→ Supplied material:
• • • •

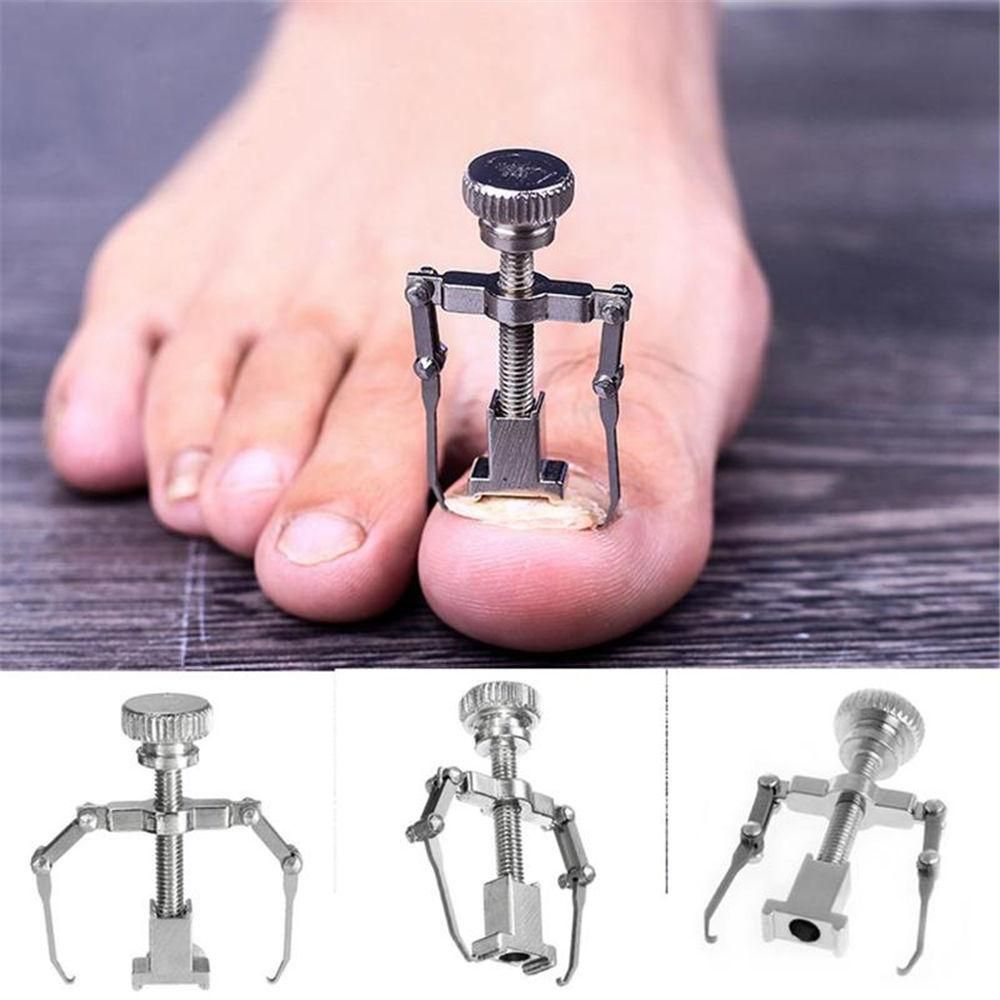 Ingrown Toenails Correction Pedicure Foot Toe Nail Care Straightening Clip Tools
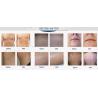 Buy cheap 808nm diode laser epilation desktop machine with permanent hair removal laser handpiece/diode laser producer from wholesalers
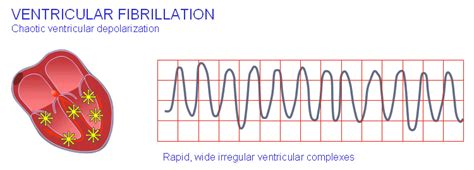 19 The Basis Of Ecg Diagnosis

• • • •

Make an exact copy of the listing above. Its pictures are not needed.

 Ingrown Toenails Correction Pedicure Foot Toe Nail Care Straightening Clip Tools
 Buy cheap 808nm diode laser epilation desktop machine with permanent hair removal laser handpiece/diode laser producer from wholesalers
 19 The Basis Of Ecg Diagnosis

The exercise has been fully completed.